I write this so you know why I have not been publishing a weekly essay. My brain is too tired to settle on a topic to write about or a story to tell. Summer stories keep popping into my head and I keep batting them back with the promise of "next summer." If something of value floats to the top--that is, if something manages to survive the haze and I have the energy to write about it--, you'll be the first to know.

Sweet dreams, Claire

Sunday, November 13, 2011

Kindness--Its Own Reward

Today, November 13, is World Kindness Day as decreed by the World Kindness Movement, which had it's first conference in 1998. News must travel slowly or I obviously out of the news loop, but I did not hear of World Kindness Day until last week. According to the World Kindness Movement website, "[t]he purpose of World Kindness Day is to look beyond ourselves, beyond the boundaries of our country, beyond our culture, our race, our religion; and realize we are citizens of the world. As world citizens we have a commonality, and must realize that if progress is to be made in human relations and endeavors, if we are to achieve the goal of peaceful coexistence, we must focus on what we have in common...."

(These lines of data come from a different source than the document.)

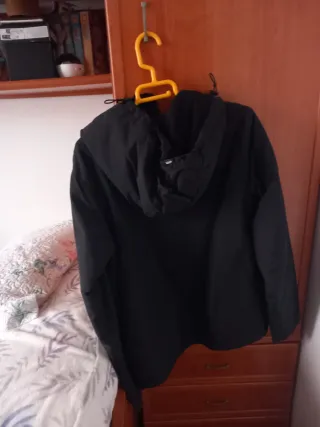 Cazadora impermeable.
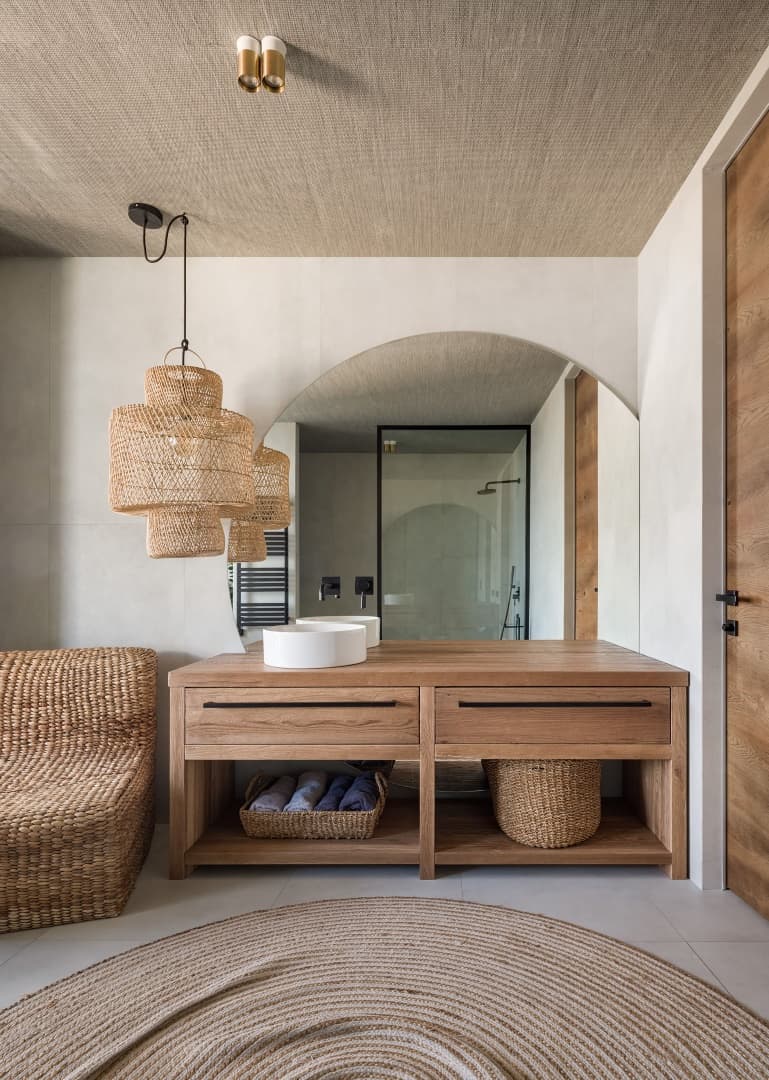 East West Apartment / Loft Buro / Ukraine East West Apartment / Loft Buro / Ukraine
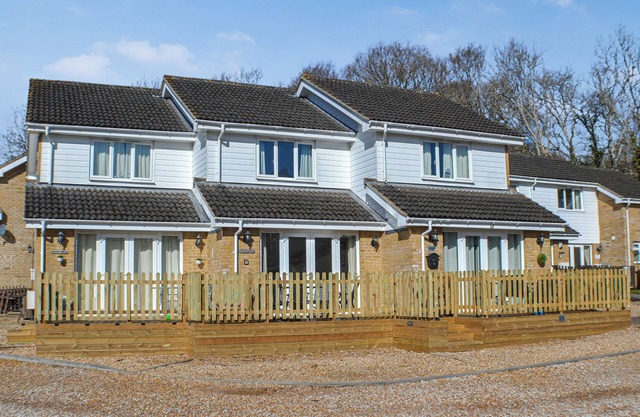 Stunning property and location with fabulous views overlooking Wootton Creek.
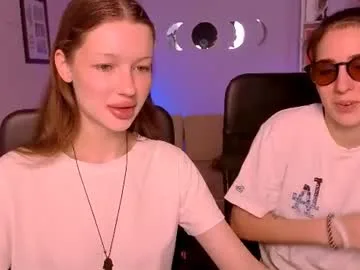 daisy_baby_ live stage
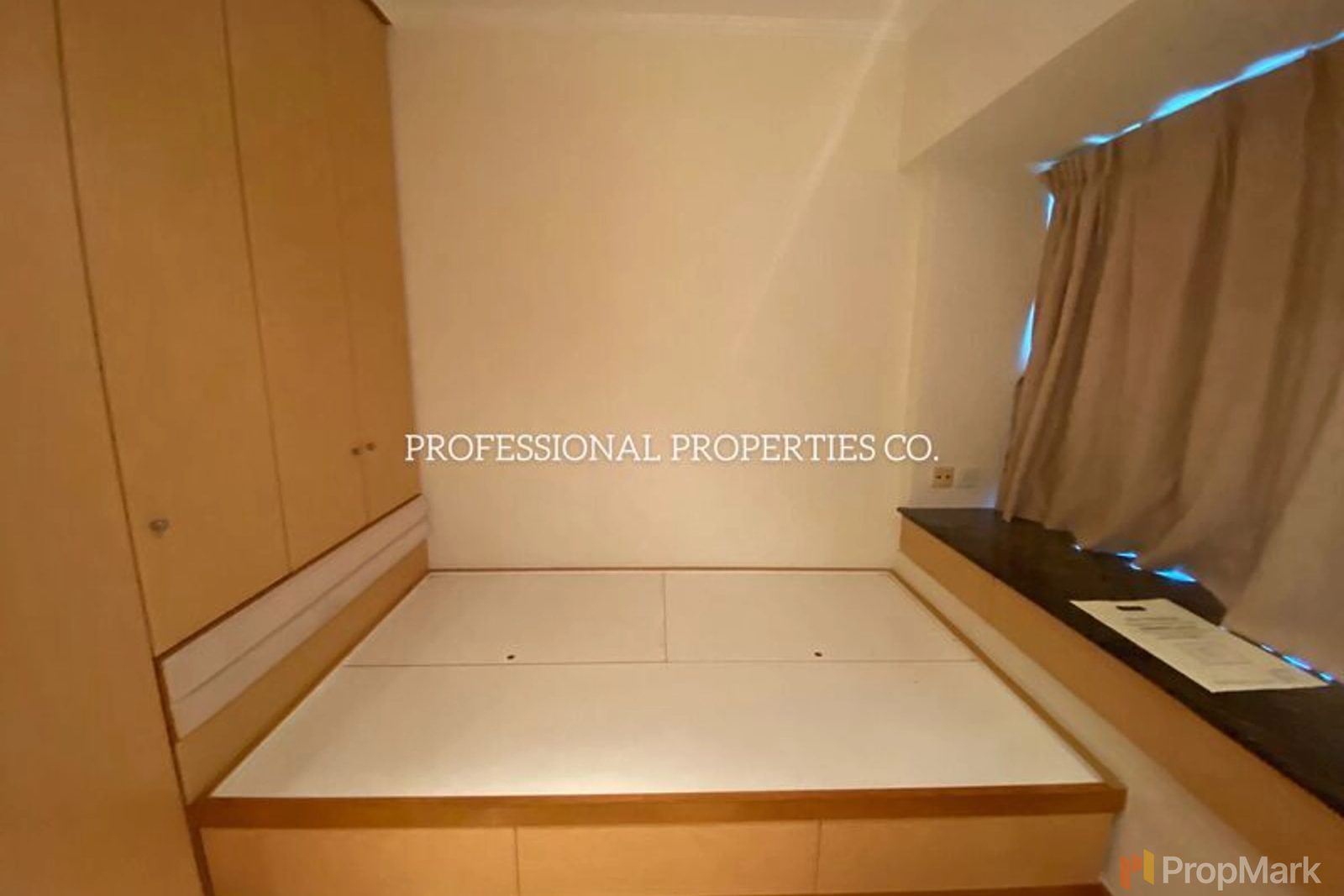 photo 3 — Robinson Place, Mid-levels West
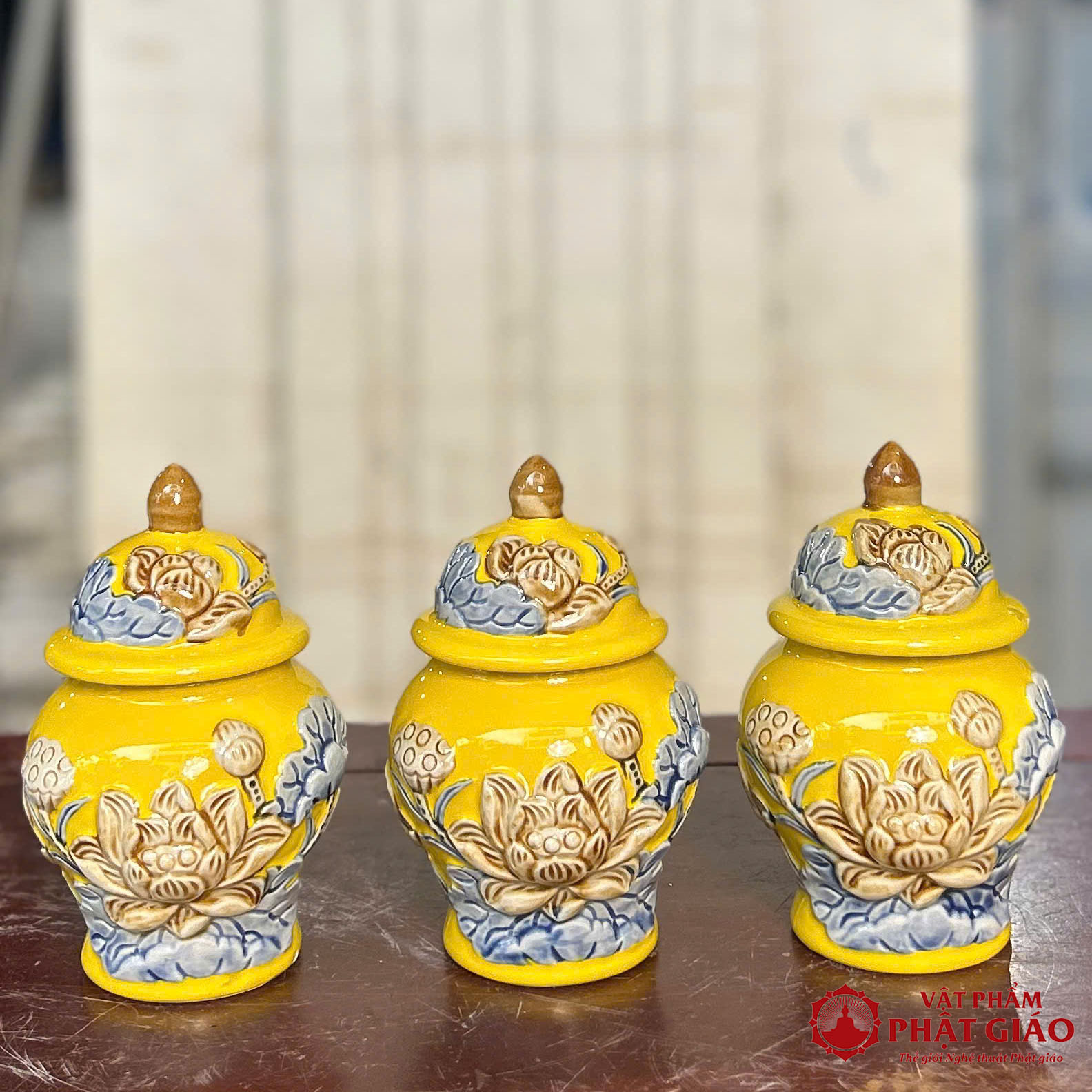Bộ Chóe Thờ Bát Tràng Men Màu Vàng 16 Bộ chóe thờ Bát Tràng men màu vàng – hình ảnh thực tế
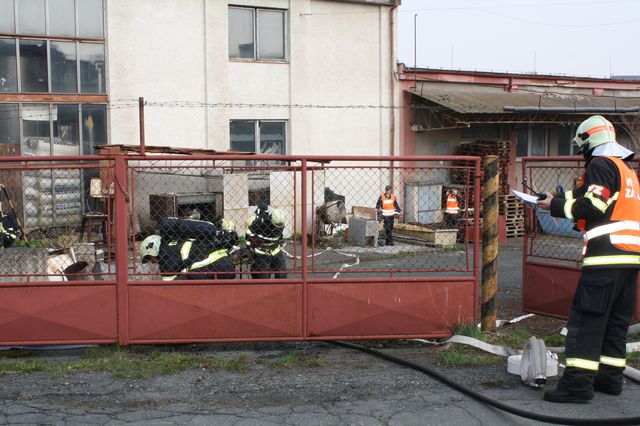 TC Domažlice - Únik čpavku v mlékárně/TC 23.4.2013 013.JPG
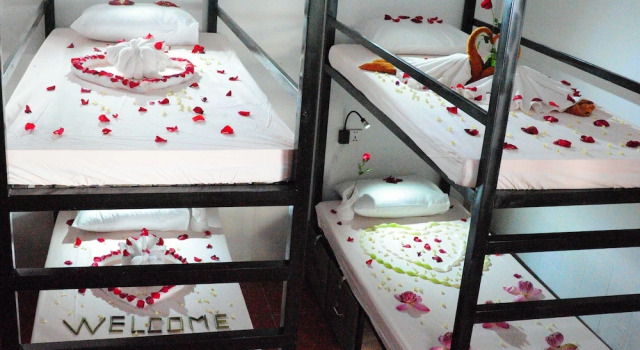Кровать в общем номере (мужской номер) Kafu Hostel & Pool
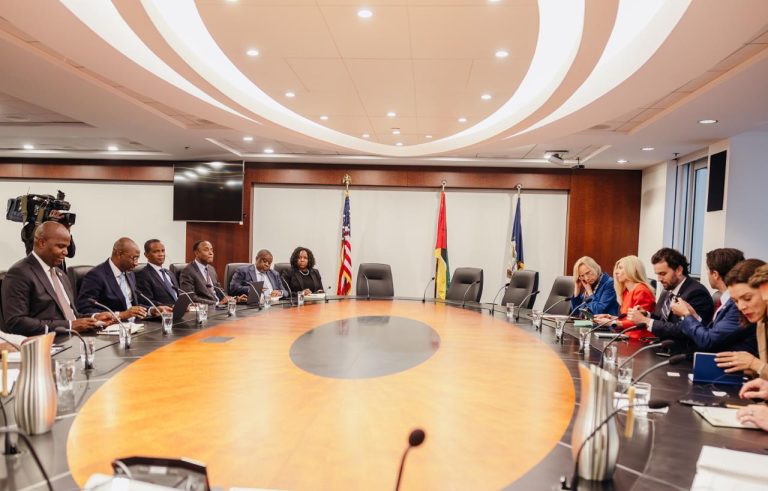 Presidente da República mantém encontro de trabalho com a Corporação Financeira para o Desenvolvimento Internacional (DFC) dos EUA, em Washington (1)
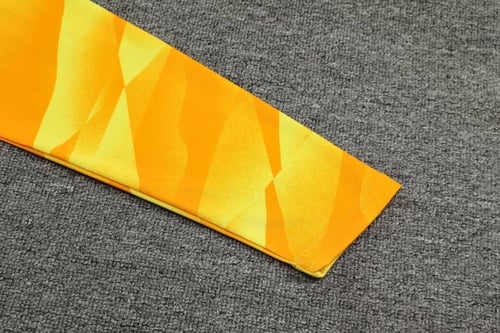 طقم تدريبات برشلونة 23/24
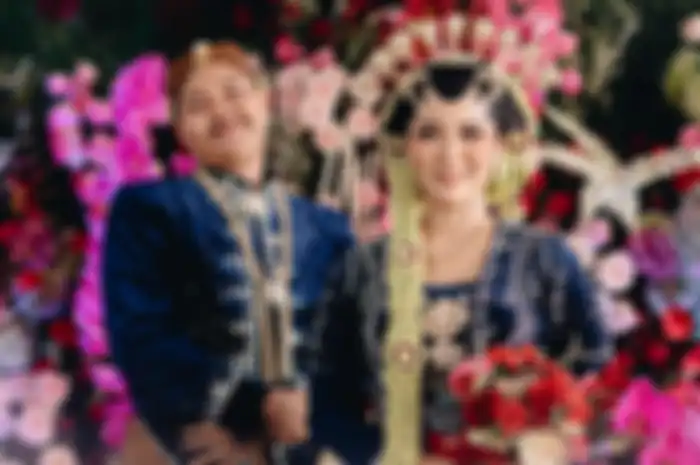 Nopek Novian dan Yulia Lorena.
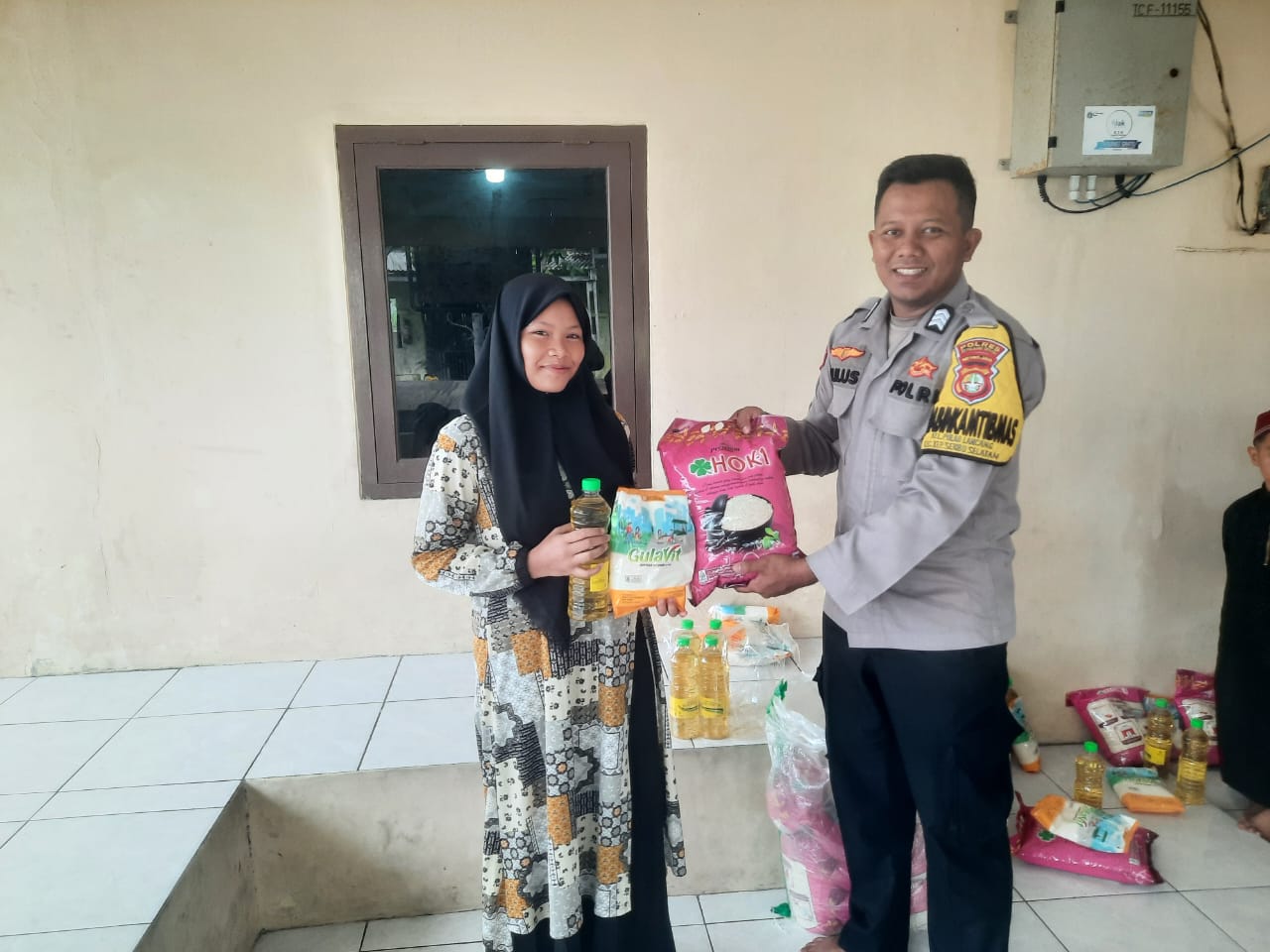 Bhabinkamtibmas Pulau Lancang Gelar Santunan untuk 25 Anak Yatim/Piatu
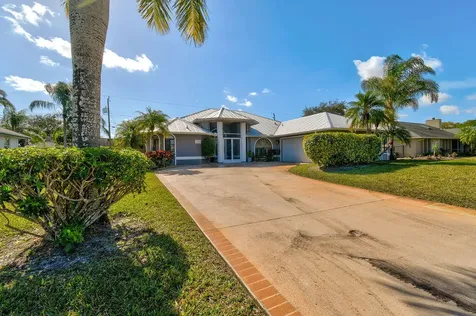 3436 SE Hart Circle Port St Lucie FL 34984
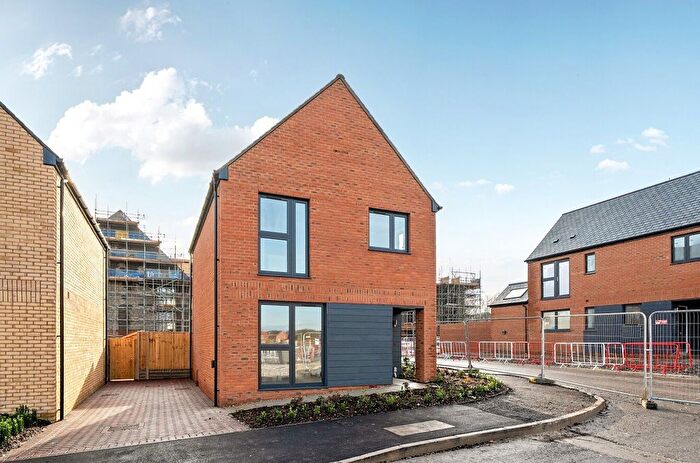 3 Bedroom Detached House To Rent In Kings Barton, Winchester, Hampshire, SO22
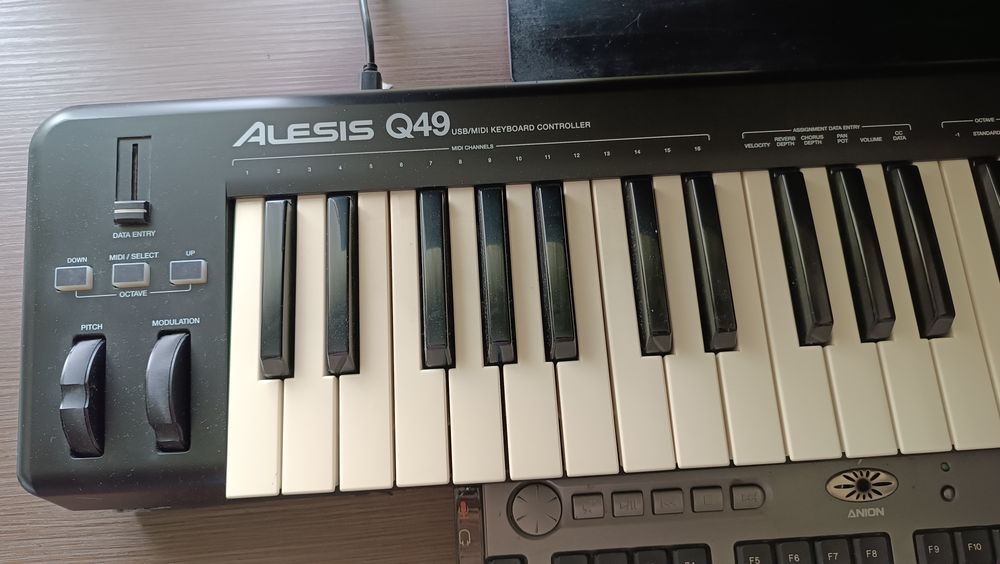 Миди клавиатура Alesis Q49
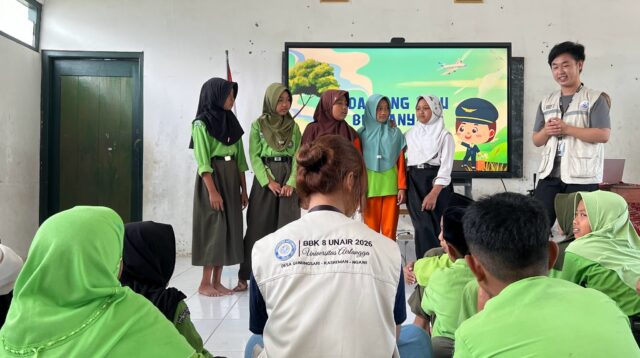 Beberapa siswa SDN 2 Gunungsari tampak percaya diri saat membacakan tulisan cita-cita mereka di depan kelas, didampingi oleh mahasiswa UNAIR pada Kamis (30/7/2026). (Dok. Pribadi)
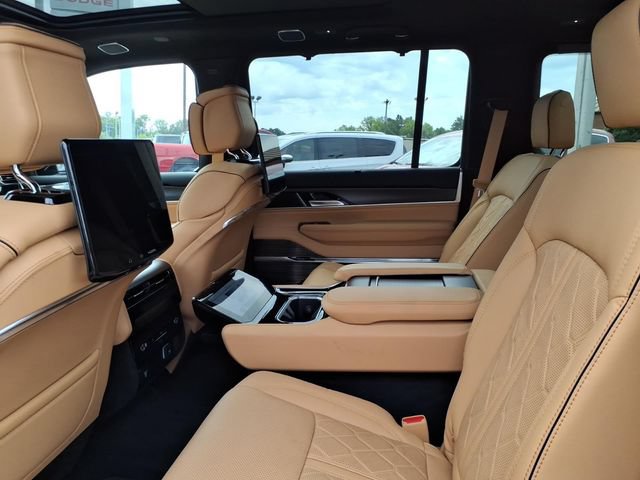 New 2026 Jeep Grand Wagoneer L Summit AWD/4WD image 7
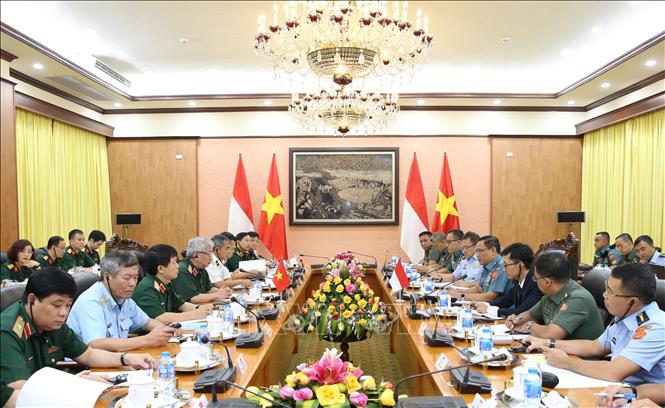 Trong ảnh: Thượng tướng Nguyễn Chí Vịnh, Thứ trưởng Bộ Quốc phòng, Trưởng đoàn đại biểu quân sự cấp cao Việt Nam và Phó đô đốc Agus Setiadji, Tổng Thư ký Bộ Quốc phòng Indonesia, Trưởng đoàn đại biểu quân sự cấp cao Bộ Quốc phòng Indonesia chủ trì Đối thoại Chính sách Quốc phòng Việt Nam - Indonesia lần thứ nhất (2019). Ảnh: Dương Giang - TTXVN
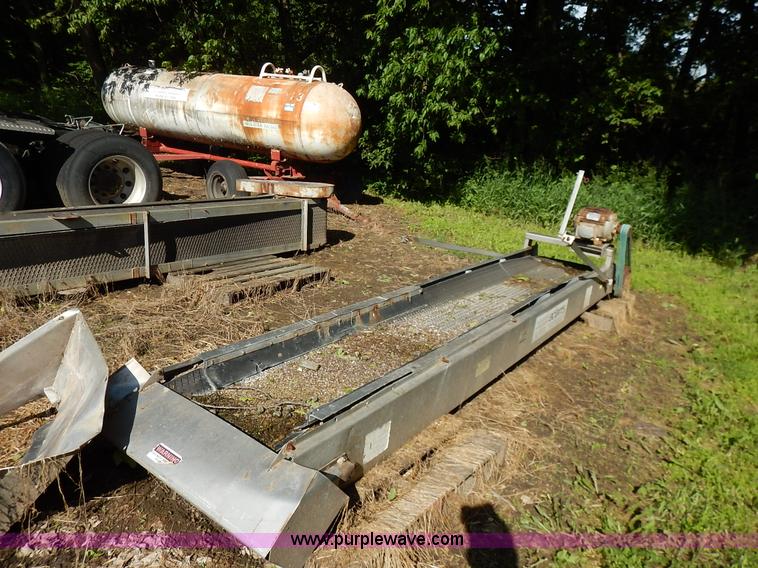 image for item K7486 Adams fertilizer blender with two conveyors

However, World Kindness Day is not just about being open to understanding other cultures while being kind. It's also about everyday kindness... making a habit of kindness and ending the warring we do with others in all aspects of our lives. Today's essay on the World Kindness Movement's website poses the question: "Is what I am involved in at this moment promoting joining or separation?"

I have posed a similar question to myself in close relationships for years: "Is my behavior helping bring us closer together or further apart?" And I continually asked this about my behavior because of my commitment to understanding and closeness in relationship. I'd like to think that none of us enters into relationship hoping for its destruction; one of the things I've learned, however, is that people do what they do sometimes despite our efforts for reasons that we can hardly fathom. All we can do is give our best effort and let the chips fall where they may.

As someone with ME/CFS I've also learned that our best effort is affected by our health. Sometimes that's understood and taken into consideration by the people in our lives. Sometimes. And when it is not, sometimes the kindest thing we can do is move on, leaving people to their warring, their projections and delusions or perhaps seemingly brilliant insights into ours.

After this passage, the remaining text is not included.